I exerted a valiant effort this afternoon and nearly finished a new post that I thought would successfully circumvent boring topics like not smoking. Because it had been awhile since I had written. And people were curious as to if I was alive. And because the majority of my readers-nonsmokers,statistically-, would sympathetically nod, and tell me “eat you carrot sticks” (fuck you) and carry on about their non addictive life. And they wouldn’t understand. And I’d be more jealous and angry. And that does not a pretty Amy make.

But here we are. Writing a post that is raw, and unedited, and probably will jump around just enough where it doesn’t really make a whole lot of sense. But I can’t NOT write right now, and to be honest, I’m still putting this all together in my head as well.

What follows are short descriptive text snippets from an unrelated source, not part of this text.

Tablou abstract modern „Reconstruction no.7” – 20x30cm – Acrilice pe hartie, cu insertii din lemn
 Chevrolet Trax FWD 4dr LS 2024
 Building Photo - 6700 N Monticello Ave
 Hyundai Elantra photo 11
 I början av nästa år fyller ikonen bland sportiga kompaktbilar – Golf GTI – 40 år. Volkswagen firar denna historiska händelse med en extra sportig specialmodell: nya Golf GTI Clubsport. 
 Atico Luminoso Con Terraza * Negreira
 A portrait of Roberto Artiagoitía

But I need to write it down, publish it, and move on.  Over-analyzation, my classic blog post MO, will cause me to lose my fucking mind.

To make a long story short, and give you a sense of my fractured state of mind, the following is a fairly accurate, albeit brief, description of my lessons.

This last week was the hardest of my life. Easily. Hardest because I was having the most miserable week ever for a cause that I could only blame myself for. I was the cause of my addiction, and anger, and inability to function. And from this I realized how easily I blame others for my problems, and how easily I feel lost when the only person to point the finger at is the one I have to look at every day in the mirror. And how hard that is every morning to even brush my teeth after that. I need to work on that. Obviously. Probably after the smoking.

I have learned about failure. Because I have finally done so. Not that I have never failed before. I have. Plenty of times. But I started to see how well I hide it. And how well I avoid it. I am either very good or very bad at something, There really is no middle ground in my abilities. And from the very beginning of tasks, I can tell if I will excel or not. I started to see a pattern of how I, without even thinking, take what I will excel at and run with it. And how I abandon those things that I see potential failure in almost immediately, or how I, at the very least, leave my effort very easy to skirt away from without witnesses. Failures that will be easily buried with time.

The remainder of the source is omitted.